A three year suspension may seem excessive, particularly in light of today’s 50-game suspensions for a first positive PED test, but baseball history has been exceedingly clear on this point: gambling, or the appearance of gambling, does not belong in baseball.

At the beginning of the 20th century, gambling was as big a part of baseball as the pitcher or the base. Scandals seemed to occur on a yearly basis, and baseball was becoming an environment where the fans questioned the legitimacy of every player and every game (sound familiar?).

One of the common practices of the time was incentive payments, a practice where a player or team would “reward” a non-contending team for winning games against another contending team. On the scale of gambling-related sins, this certainly seems benign, but it was the appearance of impropriety that Judge Landis wanted to remove after the scandal of 1919. It wasn’t hard to imagine that these mostly-cash payments for winning could eventually turn into payments for throwing a game; thus came Rule 21.

Today’s baseball environment is decidedly different than it was when Judge Landis set out to clean up the game some 80 years ago. There is no longer a need for ballplayers to “supplement” their salary; one of the biggest reasons that baseball and gambling originally went hand-in-hand. Four bottles of Dom is probably about the same to Hunter and Sweeney as a couple of mini candy bars might be to you and me, so the significance of the payment in this case is almost laughable.

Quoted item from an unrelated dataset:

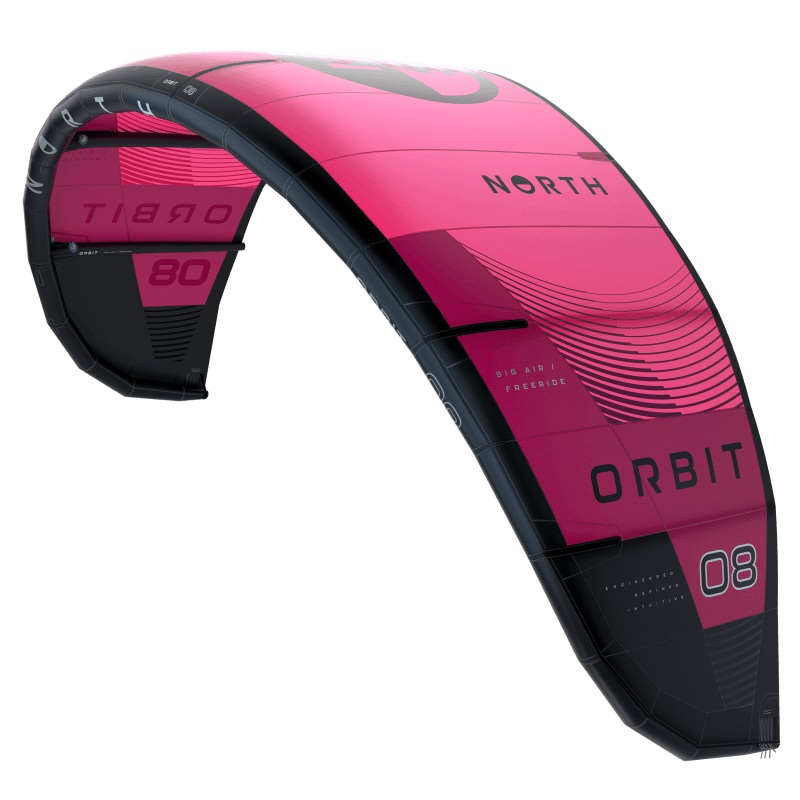 NORTH 2024 ORBIT – RUBINE RED|9M|10M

Still, it is hard for me to believe that people who have been around the game so long could be so clueless as to the rules, particularly involving what was, until recently, baseball’s number one sin. Christensen adds:

But Ryan also hinted at the reason MLB won’t let it pass with a simple slap on the wrist. The rule is designed to avoid any tampering between teams — gifts from a team to a pending free agent, for example — and MLB remains highly sensitive to anything that could even be remotely viewed as a form of gambling.

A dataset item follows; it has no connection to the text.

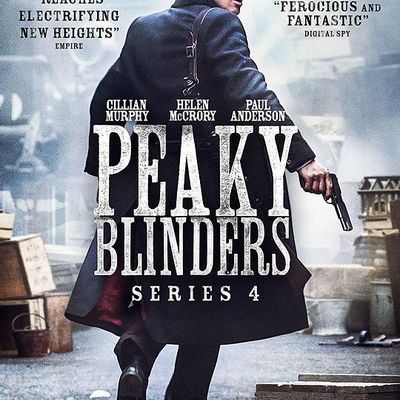 #浴血黑帮 第四季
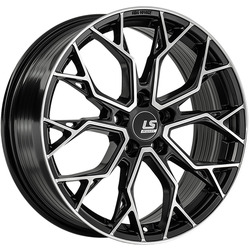 LS FlowForming 7,5x18/5x108 ET45 D65,1 RC108 BKSF (�����)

I don’t want to speculate as to what MLB’s response will be, nor am I advocating for a three year suspension (a punishment that would certainly not fit the “crime” in this instance). It will be interesting to see what happens in the upcoming weeks, however. The last several years in baseball has been a frenzy of panic in response to the limited evidence that baseball had been taken over by ‘roided up home run machines; now a near 80-year old scandal that was a true threat to the integrity of the game rears its head again, and I don’t think that it should simply be laughed off or swept under the rug.

2 Responses to Dom Perignon

  1. Beau says:

    What I find strange is that the Royals were publicly ribbing Hunter (a week before) for not owning up to his promise, and nobody mentioned anything then. Nothing in the papers about how Hunter’s original suggestion could break Rule 21. Nothing about how the Royals’ players were pressuring Hunter to break Rule 21. And nobody in the Twins organization warned Hunter not to break Rule 21.

    I understand that something like this can’t be tolerated, but it was long talked about and the players seemed very open that they were going to do this. How come nobody stopped them?

  2. Scot says:

    From the Strib article: MLB spokesman Pat Courtney said: “This is the first we’ve heard about [Hunter’s gift]. It would be inappropriate to comment until we have more information.”

    MLB must not follow baseball as closely as the average fan.

    The only thing I can figure is that those in charge didn’t know the rule. Not entirely surprising.